EXERCISE OBJECTIVE: Starting with the line with "feed of good" in the entries below and going on through the line with "VGF Antibody", output every line exactly and nothing more. No pictures.
++++++
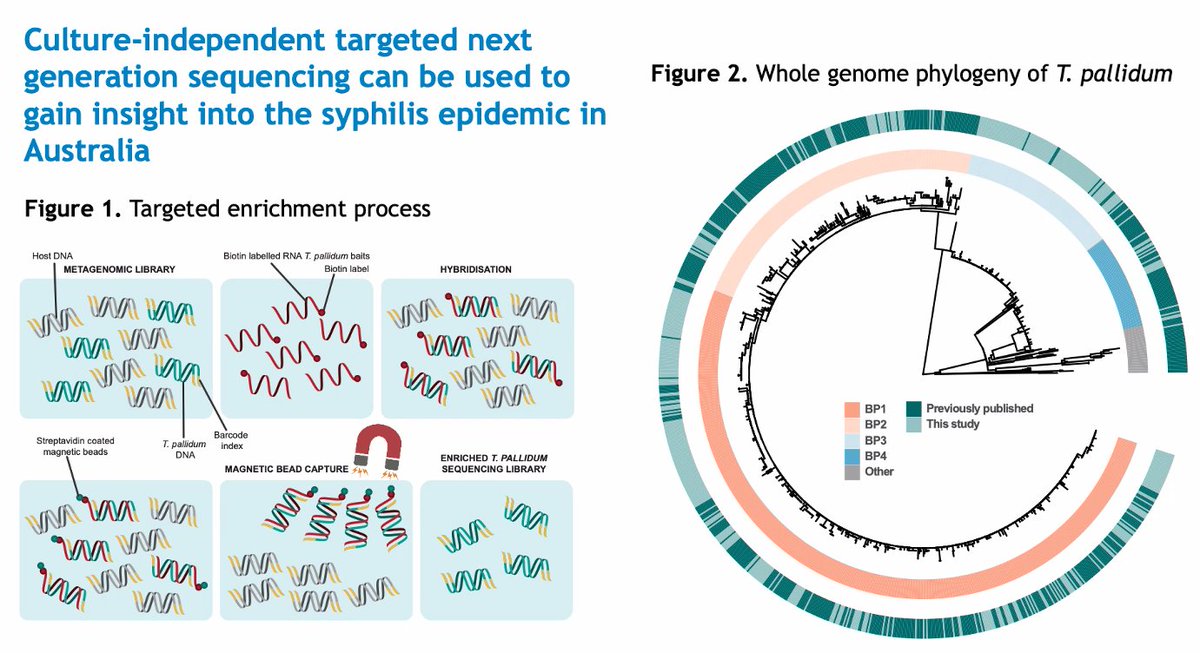 Virologica's tweet photo. Nice work demonstrating the utility of targeted enrichment of Treponema (challenging to culture) to investigate genomic epi of syphilis epidemics #MicroSeq2021  @monalisa_taouk https://t.co/nvfQBv0w9L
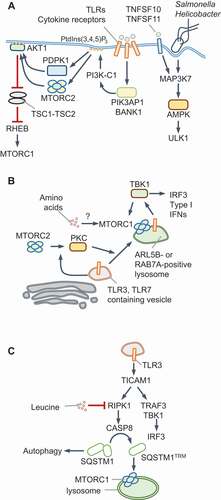 Figure 2. MTORC1 and AMPK regulation during infection and innate immune signaling. (A) TLR activation results in the recruitment of the adaptors PIK3AP1/BCAP or BANK1 that activate PI3K-C1 and PtdIns(3,4,5)P3 production. Infection by Salmonella or Helicobacter or exposure to TNFSF10/TRAIL, TNFSF11/RANKL and TLR9 stimulate MAP3K7/TAK1-dependent phosphorylation and activation of AMPK, which stimulates ULK1-dependent autophagy. (B) Activation of endosomal TLRs such as TLR3 or TLR7 results in MTORC1-dependent activation of TBK1 and type I IFN production. During TLR3 signaling, PKC activation by MTORC2 promotes trafficking to cell periphery to lysosomes that are positive for RAB7A. TLR7 activation results in its trafficking to ARL5B/ARL8-positive lysosomes for TBK1 activation. TBK1 may also contribute to MTORC1 activation. Amino acids may promote lysosomal localization of MTORC1; however, this remains to be tested. (C) TLR3 signaling through its adaptor TICAM1/TRIF triggers the cleavage of SQSTM1/p62 via RIPK1 and CASP8 at Asp329. The trimmed protein, SQSTM1/p62TRM, is required for MTORC1 activation in response to amino acids and leucine. Full-length SQSTM1 selectively participates in autophagy maturation, whereas SQSTM1/p62TRM promotes MTORC1 and suppresses autophagy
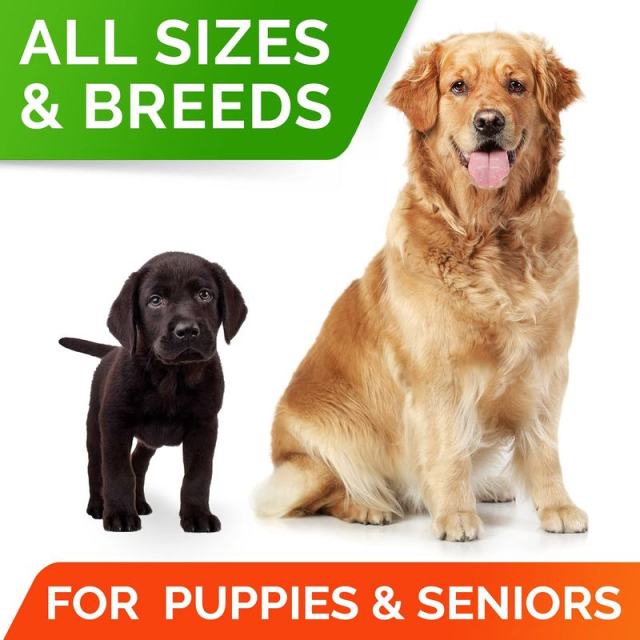 Private Label Dog Probiotics Supplement 5 Strain Blend Prebiotic Enzyme Formula,MY SHOP,Private Label Dog Probiotics Supplement 5 Strain Blend Prebiotic Enzyme Formula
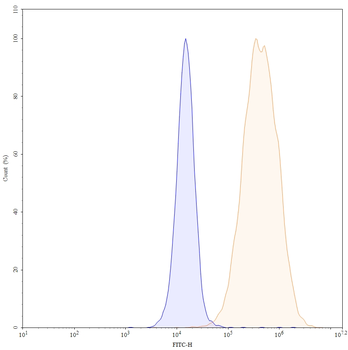 CD10/MME Mouse Monoclonal Antibody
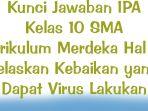 Kunci-Jawaban-IPA-Kelas-10-SMA-Kurikulum-Merdeka-Hal-41-Jelaskan-Kebaikan-yang-Dapat-Virus-Lakukan.jpg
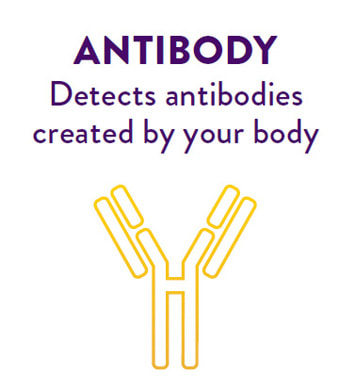 Antibody Test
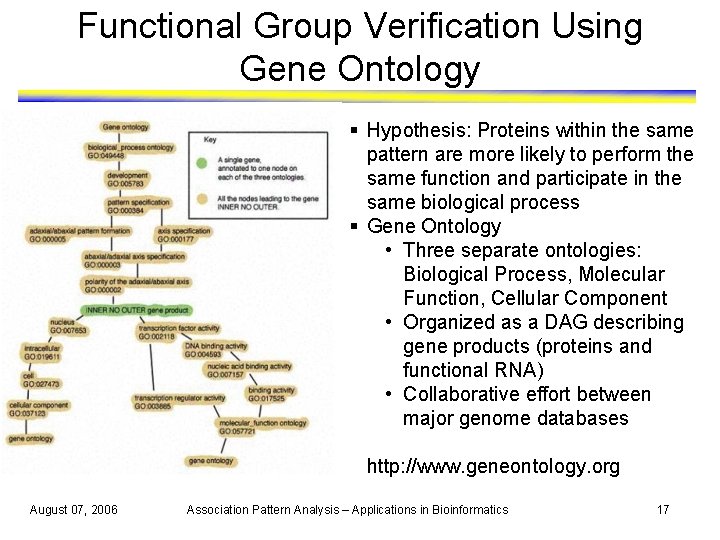 Functional Group Verification Using Gene Ontology § Hypothesis: Proteins within the same pattern are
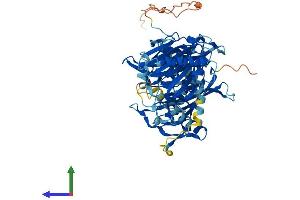 AlphaFold protein structure predicition of Mouse Recombinant Acot11 Protein, UniprotID Q8VHQ9
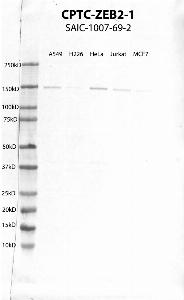 Click to enlarge image Western Blot using CPTC-ZEB2-1 as primary antibody against cell lysates A549, H226, HeLa, Jurkat and MCF7. Expected MW of 136 KDa. Positive for A549, Hela, Jurkat and weak for H226 and MCF7.  Molecular weight standards are also included (lane 1).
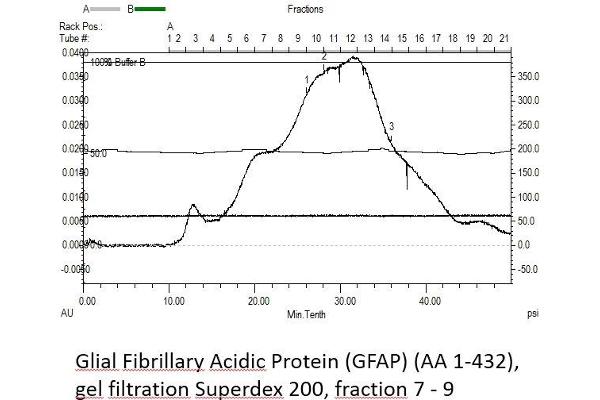 GFAP Protein (AA 1-432) (His tag)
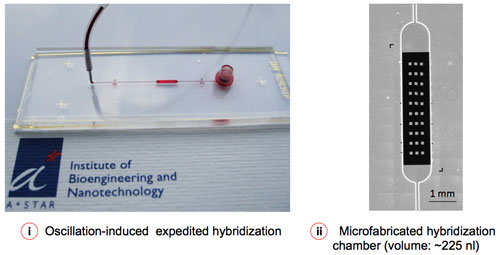 Microfluidic-assisted sample delivery and oscillation-hybridization reduces the reagent cost and assay time to a significant extent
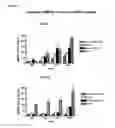 Fig. 05 - Means and methods for active cellular immunotherapy of cancer by using tumor cells killed by high hydrostatic pressure and dendritic cells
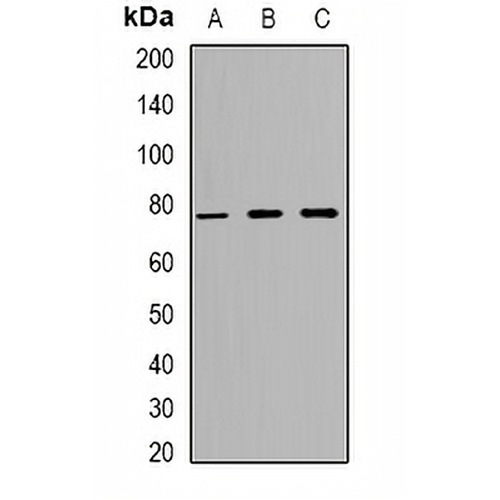 ZNF7 Rabbit Polyclonal Antibody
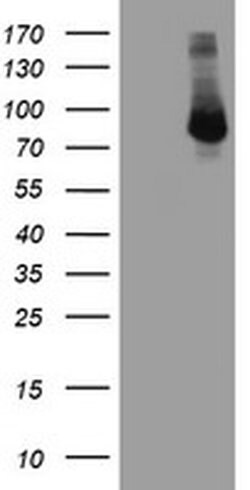 FBXO21 Monoclonal Antibody (OTI2B8), TrueMAB , OriGene 100 &mu;L; Unconjugated:Antibodies,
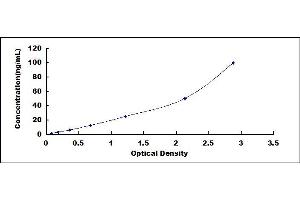 Regenerating Islet Derived Protein 3 gamma (REG3g) ELISA Kit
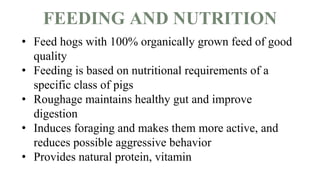 FEEDING AND NUTRITION
• Feed hogs with 100% organically grown feed of good
quality
• Feeding is based on nutritional requirements of a
specific class of pigs
• Roughage maintains healthy gut and improve
digestion
• Induces foraging and makes them more active, and
reduces possible aggressive behavior
• Provides natural protein, vitamin
 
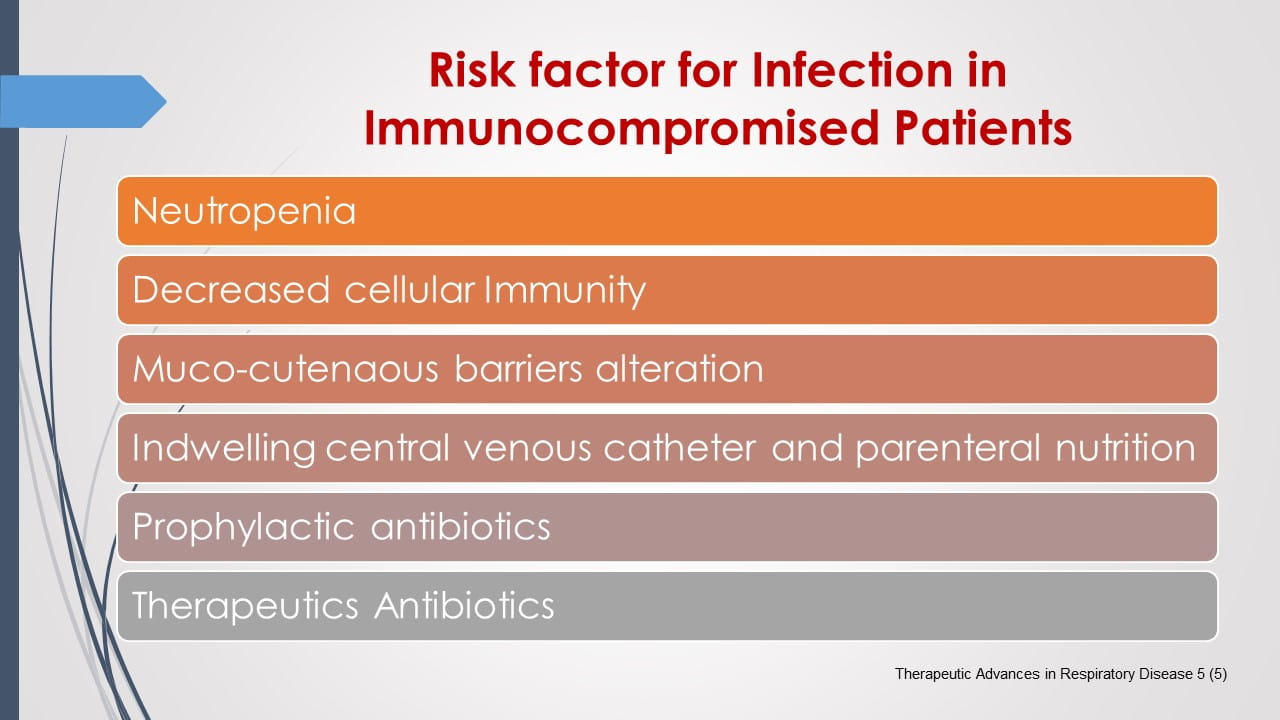 Antifungal Therapy in Patients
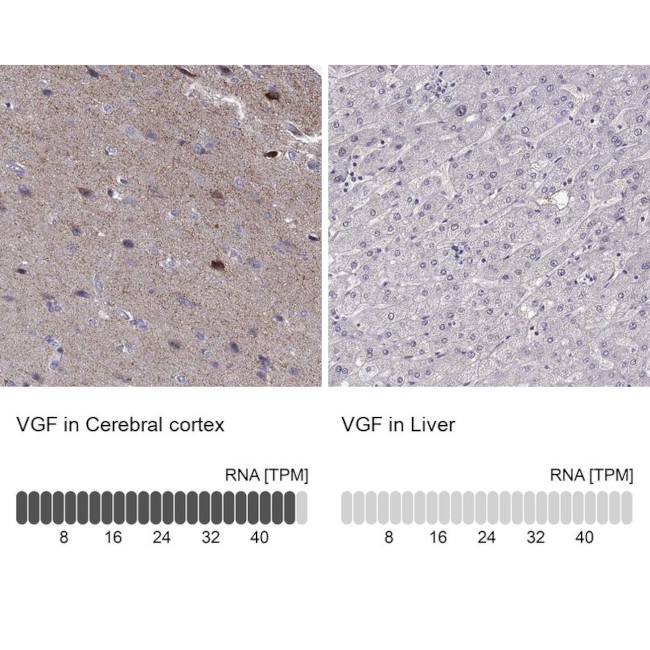 VGF Antibody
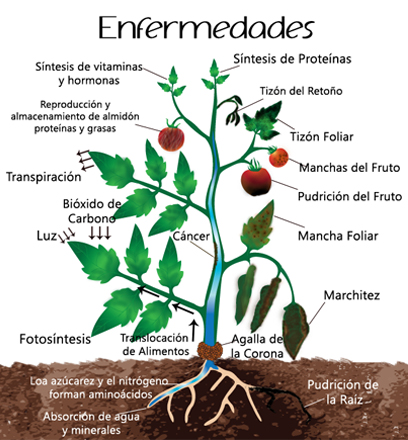 LAS BACTERIAS PRODUCEN ENFERMEDADES las bacterias producen enfermedades:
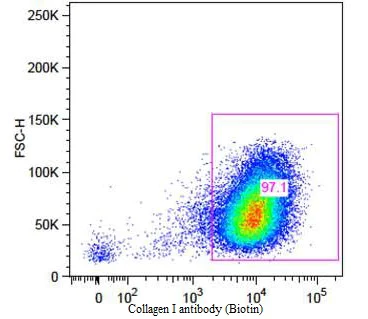 Flow Cytometry (Intracellular) - Biotin Anti-Collagen I antibody (AB6577)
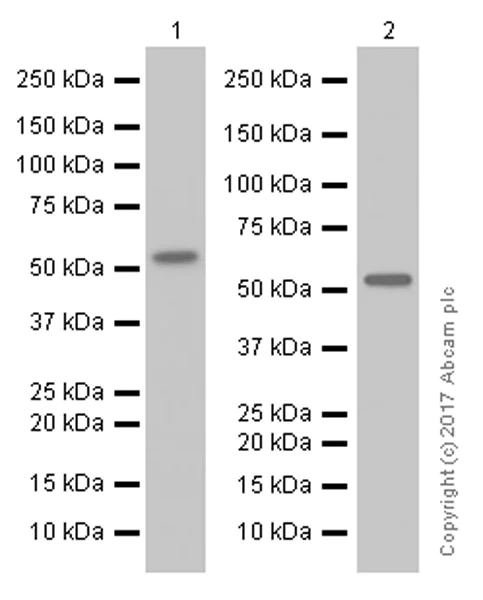 Western blot - Anti-Cyclin B1 antibody [Y106] (AB32053)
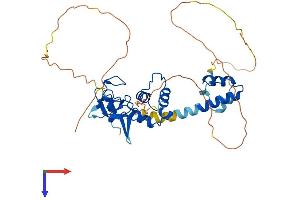 AlphaFold protein structure predicition of Mouse Recombinant Rnf34 Protein, UniprotID Q99KR6
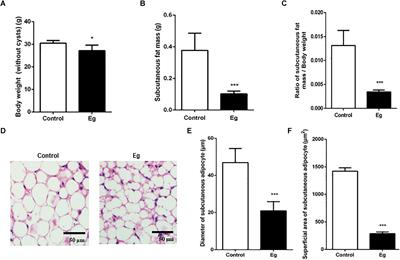 Microarray Analysis of lncRNA and mRNA Reveals Enhanced Lipolysis Along With Metabolic Remodeling in Mice Infected With Larval Echinococcus granulosus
++++++
SOLUTION TO THE EXERCISE:
• Feed hogs with 100% organically grown feed of good
quality
• Feeding is based on nutritional requirements of a
specific class of pigs
• Roughage maintains healthy gut and improve
digestion
• Induces foraging and makes them more active, and
reduces possible aggressive behavior
• Provides natural protein, vitamin
 
 Antifungal Therapy in Patients
 VGF Antibody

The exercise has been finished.